Sunday, November 15, 2015

Keep Them In Your Prayers

I seldom write about local events, but one this week has hit closer to home.   While I'm not in that circle, it has brought to mind a wave of memories and how grateful we should be for transparency.

The event was a murder in Indianapolis of a pastor's wife, a one year-old at home and another on the way.  It appeared to be a home invasion that led to the shooting, two lives cut too short and many people shaking their collective heads in disbelief.

Most people are shaking their head in academic disbelief: How can this happen?  Why did this happen?  It is so terrible.  They are right.

The young wife and mother was Amanda Blackburn.  Her parents are Phil and Robin Byars.  He is a pastor, too.  For the best part of fourteen years, he was one of my pastors.  For the best part of a decade, he taught the Master's Class, which my wife and I attended.

Phil Byars is one of the finest teachers I have had in any classroom.  Having two B.A. degrees in Social Sciences and Business, I have had a few teachers.  Phil blew them all away.

He used an inductive teaching style.  He would pose the situation, and then listen.  He would take the answer and probe, challenge, guide, direct to the understanding of the subject.  It takes great knowledge and love for both the subject and the student.  Phil knew the Bible and loved the people in the Master's Class.  You didn't have to ask him: you just listened.

It is no surprise he was made the Lead Pastor of First Baptist Church.  The down side is he can't preach with the inductive teaching style.  He can still teach.  And it is still done with great love.

One thing about Phil's teaching was that he abhorred the academic answer: an answer that sounds good but has no practical application.  If you dared to give an academic answer in his class, be prepared to tell what that looks like in real life.  If you couldn't make it practical, it wasn't of use.

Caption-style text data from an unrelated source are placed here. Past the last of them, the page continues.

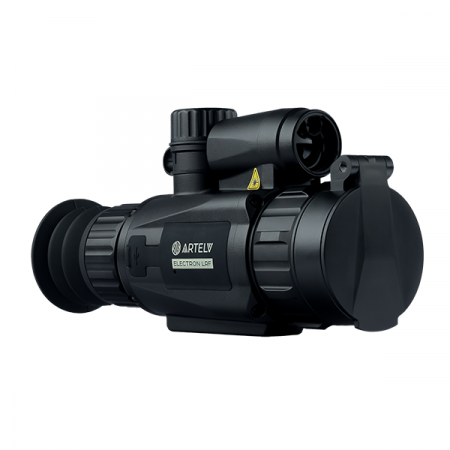 �������������� ������ Artelv Electron 2.9x50 (2.9x, 640x512, 12���, F50��) � �����������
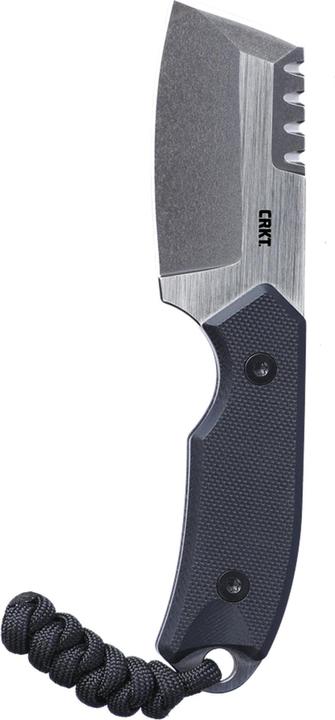 Produktbild CRKT Razel Compact (5.90 cm)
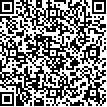 Código QR de la empresa PaMaD, s.r.o.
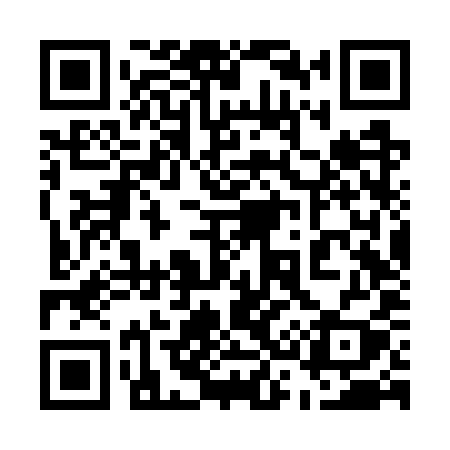QR code for 536WYY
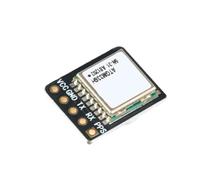 Module de navigation de positionnement par satellite bimode GPS Beidou BDS Le module ATGM336H remplace NEO-M8N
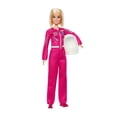 thumbnail image 2 of Muñeca Mattel Barbie Astronauta, 2 of 6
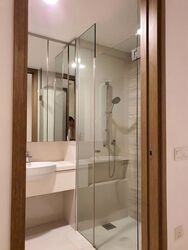 D'Leedon (D10), Condominium #581882481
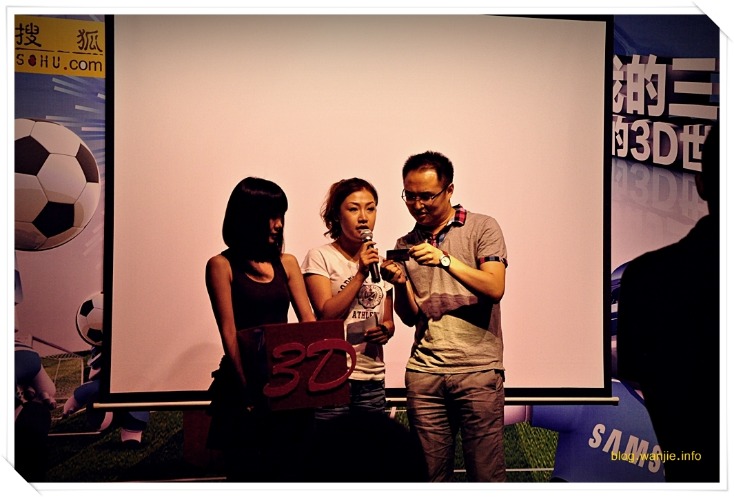 亚冬会循环,赛激战正酣,韩雨,太阳城,太阳城娱乐,太阳城app,太阳城赌场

Robin matched Phil with her support, her knowledge, and her love.  She knew the Bible as well as anyone, and brought an answer in support of Phil's teaching.  I remember a number classes opening with Phil's word, "After class last week, Robin pointed out..."

We watched Amanda grow through her middle school and high school years, not up close, but knowing she was being taught and shepherded the way we were each week.  She had a great model of teaching in her father and a great model for a pastor's wife in her mother.  I can't help but believe something incredible was going to happen with her life.  She was working with her husband, planting churches.

As I write this, the celebration of Amanda Blackburn's life is beginning in Indianapolis.  We ache for the Amanda's husband and son, for Phil and Robin and her siblings, James and Amber.  It would be academic to bring a cliche'.  It takes knowledge and love.  These attributes are not in short supply.